INSTRUCTIONS TO FOLLOW: Leave the pictures out, and transcribe the material below exactly from the line with "روتر نو بدون استفاده" to the line with "Mega Squeeze Ergofit Ballstretcher Black", both lines included.

ENTRIES SUPPLIED:
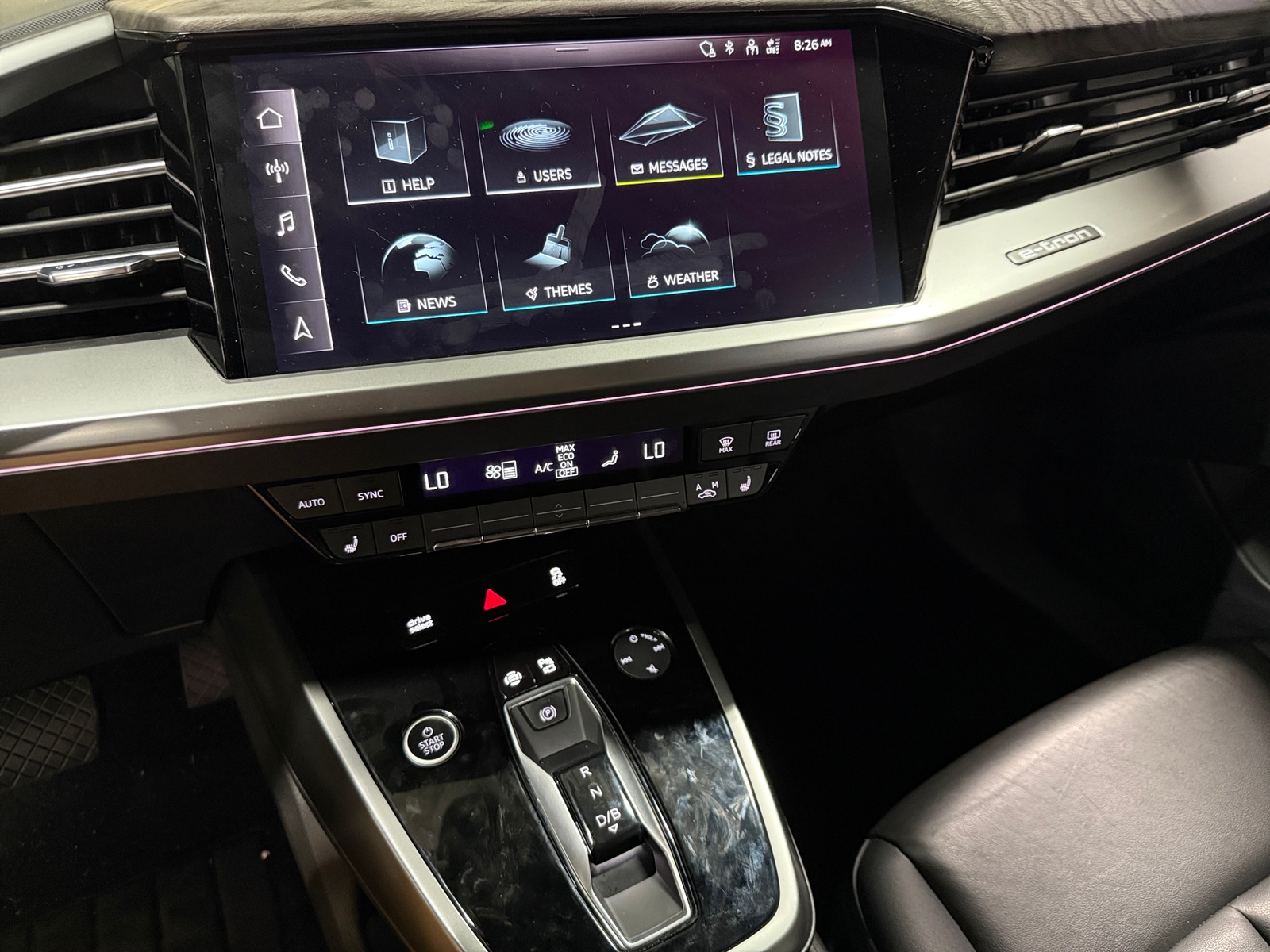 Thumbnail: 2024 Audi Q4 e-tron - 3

==

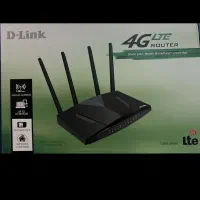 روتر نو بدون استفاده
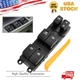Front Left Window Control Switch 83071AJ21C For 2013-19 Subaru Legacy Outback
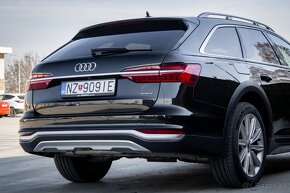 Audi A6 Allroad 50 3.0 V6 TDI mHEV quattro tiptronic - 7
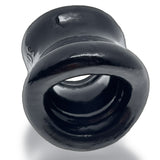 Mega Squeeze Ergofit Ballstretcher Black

--

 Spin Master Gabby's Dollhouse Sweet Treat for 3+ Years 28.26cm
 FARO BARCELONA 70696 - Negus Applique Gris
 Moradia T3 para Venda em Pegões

RESPONSE TO THIS TASK:
 روتر نو بدون استفاده
Front Left Window Control Switch 83071AJ21C For 2013-19 Subaru Legacy Outback
 Audi A6 Allroad 50 3.0 V6 TDI mHEV quattro tiptronic - 7
 Mega Squeeze Ergofit Ballstretcher Black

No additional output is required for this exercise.